Use the entries below and reproduce exactly the lines from the one containing "Mimosa Pollen, Close-up" down to the one containing "Nissan Leaf: фото владельца", both of them included.

(Crawled caption data)

______________________________

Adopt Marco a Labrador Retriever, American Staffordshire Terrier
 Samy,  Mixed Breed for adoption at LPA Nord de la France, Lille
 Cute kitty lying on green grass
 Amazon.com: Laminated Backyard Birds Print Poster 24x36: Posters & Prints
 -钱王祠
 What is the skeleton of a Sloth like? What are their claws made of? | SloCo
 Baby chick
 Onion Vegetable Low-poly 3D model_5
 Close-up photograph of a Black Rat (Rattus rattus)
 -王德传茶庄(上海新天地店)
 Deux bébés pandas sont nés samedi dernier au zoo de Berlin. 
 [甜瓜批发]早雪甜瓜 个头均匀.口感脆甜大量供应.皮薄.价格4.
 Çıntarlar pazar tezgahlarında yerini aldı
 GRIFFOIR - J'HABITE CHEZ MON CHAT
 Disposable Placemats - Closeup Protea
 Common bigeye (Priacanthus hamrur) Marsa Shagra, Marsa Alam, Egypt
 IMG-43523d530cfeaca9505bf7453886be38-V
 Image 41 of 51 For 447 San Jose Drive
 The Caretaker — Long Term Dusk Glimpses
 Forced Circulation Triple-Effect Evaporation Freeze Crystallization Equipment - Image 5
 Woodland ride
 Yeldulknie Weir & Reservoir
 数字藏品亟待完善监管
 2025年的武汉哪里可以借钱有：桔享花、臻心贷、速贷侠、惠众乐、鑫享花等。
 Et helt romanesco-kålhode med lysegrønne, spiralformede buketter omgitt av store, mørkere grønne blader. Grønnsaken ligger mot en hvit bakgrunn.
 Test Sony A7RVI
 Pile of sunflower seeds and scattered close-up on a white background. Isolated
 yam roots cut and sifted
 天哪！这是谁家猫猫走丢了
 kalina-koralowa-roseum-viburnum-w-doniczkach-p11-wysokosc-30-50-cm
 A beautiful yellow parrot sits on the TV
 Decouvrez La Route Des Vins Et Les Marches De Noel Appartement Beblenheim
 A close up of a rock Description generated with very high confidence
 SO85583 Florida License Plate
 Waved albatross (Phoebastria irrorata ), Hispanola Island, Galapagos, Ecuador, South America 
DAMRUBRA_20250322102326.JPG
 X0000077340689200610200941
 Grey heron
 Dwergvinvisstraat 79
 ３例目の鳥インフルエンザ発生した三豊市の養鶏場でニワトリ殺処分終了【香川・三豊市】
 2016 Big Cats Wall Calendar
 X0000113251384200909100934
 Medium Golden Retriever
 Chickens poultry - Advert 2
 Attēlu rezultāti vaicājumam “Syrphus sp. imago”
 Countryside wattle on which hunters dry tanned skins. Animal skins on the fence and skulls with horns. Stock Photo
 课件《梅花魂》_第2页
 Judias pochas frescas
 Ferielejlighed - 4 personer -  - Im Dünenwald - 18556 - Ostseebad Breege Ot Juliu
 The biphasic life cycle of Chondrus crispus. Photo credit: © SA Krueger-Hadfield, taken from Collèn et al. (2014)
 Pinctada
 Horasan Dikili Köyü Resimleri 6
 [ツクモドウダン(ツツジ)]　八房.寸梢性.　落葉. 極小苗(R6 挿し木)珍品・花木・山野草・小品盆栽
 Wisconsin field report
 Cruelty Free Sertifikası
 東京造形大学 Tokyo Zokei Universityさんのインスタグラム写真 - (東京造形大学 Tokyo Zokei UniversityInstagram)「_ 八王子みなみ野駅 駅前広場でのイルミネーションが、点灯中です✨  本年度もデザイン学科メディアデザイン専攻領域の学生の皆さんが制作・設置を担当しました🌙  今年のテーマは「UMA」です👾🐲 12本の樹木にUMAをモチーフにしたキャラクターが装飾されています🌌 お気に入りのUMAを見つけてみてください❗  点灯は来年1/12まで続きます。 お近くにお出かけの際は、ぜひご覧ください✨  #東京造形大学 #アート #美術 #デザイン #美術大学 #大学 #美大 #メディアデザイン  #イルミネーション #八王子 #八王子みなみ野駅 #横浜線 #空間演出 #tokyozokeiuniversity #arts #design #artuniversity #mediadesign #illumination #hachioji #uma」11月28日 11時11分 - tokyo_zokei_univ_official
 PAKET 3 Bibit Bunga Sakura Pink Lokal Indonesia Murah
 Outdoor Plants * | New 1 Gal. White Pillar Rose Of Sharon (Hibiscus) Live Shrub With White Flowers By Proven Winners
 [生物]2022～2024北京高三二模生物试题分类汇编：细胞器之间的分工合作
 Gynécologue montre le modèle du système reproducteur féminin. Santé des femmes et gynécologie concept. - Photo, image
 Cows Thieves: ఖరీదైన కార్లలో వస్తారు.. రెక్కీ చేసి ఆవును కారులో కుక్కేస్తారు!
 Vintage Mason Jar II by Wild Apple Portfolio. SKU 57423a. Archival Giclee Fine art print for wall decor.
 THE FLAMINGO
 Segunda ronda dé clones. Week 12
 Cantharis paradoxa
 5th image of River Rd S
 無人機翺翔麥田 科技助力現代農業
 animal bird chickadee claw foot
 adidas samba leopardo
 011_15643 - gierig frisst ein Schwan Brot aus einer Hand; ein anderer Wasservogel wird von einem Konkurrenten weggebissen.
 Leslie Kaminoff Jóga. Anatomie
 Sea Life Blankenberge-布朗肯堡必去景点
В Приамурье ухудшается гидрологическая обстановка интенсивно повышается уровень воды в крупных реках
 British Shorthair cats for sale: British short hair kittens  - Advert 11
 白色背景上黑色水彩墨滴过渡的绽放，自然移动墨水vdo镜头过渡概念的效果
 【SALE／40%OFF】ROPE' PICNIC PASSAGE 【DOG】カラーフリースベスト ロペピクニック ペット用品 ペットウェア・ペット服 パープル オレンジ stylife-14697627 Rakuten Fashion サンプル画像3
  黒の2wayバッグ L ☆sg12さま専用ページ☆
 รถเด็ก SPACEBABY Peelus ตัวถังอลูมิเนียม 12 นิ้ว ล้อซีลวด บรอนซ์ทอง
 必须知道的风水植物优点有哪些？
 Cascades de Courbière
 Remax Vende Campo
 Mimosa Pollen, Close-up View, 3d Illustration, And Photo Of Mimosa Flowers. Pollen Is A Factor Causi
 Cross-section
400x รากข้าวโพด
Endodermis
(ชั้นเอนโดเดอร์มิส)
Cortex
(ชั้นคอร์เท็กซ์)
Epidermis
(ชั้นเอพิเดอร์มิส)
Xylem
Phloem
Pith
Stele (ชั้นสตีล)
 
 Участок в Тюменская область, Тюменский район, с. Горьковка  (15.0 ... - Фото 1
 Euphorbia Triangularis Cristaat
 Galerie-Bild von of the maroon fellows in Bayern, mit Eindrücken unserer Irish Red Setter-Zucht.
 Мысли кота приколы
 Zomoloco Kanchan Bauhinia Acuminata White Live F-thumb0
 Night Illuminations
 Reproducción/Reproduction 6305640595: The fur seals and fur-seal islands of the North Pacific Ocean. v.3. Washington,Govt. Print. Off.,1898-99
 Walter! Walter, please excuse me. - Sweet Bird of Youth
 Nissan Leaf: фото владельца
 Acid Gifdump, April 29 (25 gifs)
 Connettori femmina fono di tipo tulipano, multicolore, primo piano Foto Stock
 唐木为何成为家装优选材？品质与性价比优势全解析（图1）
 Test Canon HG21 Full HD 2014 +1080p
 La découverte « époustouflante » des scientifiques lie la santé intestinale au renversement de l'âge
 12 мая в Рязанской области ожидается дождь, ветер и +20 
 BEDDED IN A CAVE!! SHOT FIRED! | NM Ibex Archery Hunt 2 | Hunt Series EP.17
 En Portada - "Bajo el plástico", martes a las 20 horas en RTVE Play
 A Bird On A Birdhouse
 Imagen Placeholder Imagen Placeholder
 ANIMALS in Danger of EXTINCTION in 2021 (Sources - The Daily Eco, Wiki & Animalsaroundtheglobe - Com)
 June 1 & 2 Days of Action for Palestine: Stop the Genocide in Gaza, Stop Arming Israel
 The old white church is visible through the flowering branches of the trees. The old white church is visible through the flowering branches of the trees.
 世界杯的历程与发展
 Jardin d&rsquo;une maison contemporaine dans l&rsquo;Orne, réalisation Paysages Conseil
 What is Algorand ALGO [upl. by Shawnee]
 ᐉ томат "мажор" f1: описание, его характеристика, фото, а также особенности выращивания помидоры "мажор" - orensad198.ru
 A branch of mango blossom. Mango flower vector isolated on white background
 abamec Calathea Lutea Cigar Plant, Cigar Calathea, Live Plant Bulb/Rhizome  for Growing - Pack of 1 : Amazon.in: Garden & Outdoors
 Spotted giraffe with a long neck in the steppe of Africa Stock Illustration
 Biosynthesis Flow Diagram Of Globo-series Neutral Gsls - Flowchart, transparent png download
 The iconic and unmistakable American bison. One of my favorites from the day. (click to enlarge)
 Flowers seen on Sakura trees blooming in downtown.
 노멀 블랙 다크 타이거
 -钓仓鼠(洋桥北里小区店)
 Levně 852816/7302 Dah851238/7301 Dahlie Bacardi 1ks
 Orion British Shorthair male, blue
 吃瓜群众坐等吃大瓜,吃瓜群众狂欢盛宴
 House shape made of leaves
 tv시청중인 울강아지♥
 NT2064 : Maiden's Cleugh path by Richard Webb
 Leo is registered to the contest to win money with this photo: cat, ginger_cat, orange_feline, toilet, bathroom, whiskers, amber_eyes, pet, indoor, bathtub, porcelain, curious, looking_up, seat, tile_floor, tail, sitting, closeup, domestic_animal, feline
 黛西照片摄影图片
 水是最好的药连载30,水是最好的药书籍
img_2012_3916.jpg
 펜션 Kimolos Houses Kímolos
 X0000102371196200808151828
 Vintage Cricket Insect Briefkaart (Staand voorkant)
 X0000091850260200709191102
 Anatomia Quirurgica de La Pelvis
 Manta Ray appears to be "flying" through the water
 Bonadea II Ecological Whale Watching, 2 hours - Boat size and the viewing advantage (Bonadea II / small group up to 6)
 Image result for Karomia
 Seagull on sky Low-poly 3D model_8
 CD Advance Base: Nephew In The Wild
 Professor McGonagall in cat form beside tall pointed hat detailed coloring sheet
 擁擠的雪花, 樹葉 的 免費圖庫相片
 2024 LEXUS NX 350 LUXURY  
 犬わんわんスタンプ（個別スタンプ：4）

______________________________

§ **Written response**:
 Mimosa Pollen, Close-up View, 3d Illustration, And Photo Of Mimosa Flowers. Pollen Is A Factor Causi
 Cross-section
400x รากข้าวโพด
Endodermis
(ชั้นเอนโดเดอร์มิส)
Cortex
(ชั้นคอร์เท็กซ์)
Epidermis
(ชั้นเอพิเดอร์มิส)
Xylem
Phloem
Pith
Stele (ชั้นสตีล)
 
 Участок в Тюменская область, Тюменский район, с. Горьковка  (15.0 ... - Фото 1
 Euphorbia Triangularis Cristaat
 Galerie-Bild von of the maroon fellows in Bayern, mit Eindrücken unserer Irish Red Setter-Zucht.
 Мысли кота приколы
 Zomoloco Kanchan Bauhinia Acuminata White Live F-thumb0
 Night Illuminations
 Reproducción/Reproduction 6305640595: The fur seals and fur-seal islands of the North Pacific Ocean. v.3. Washington,Govt. Print. Off.,1898-99
 Walter! Walter, please excuse me. - Sweet Bird of Youth
 Nissan Leaf: фото владельца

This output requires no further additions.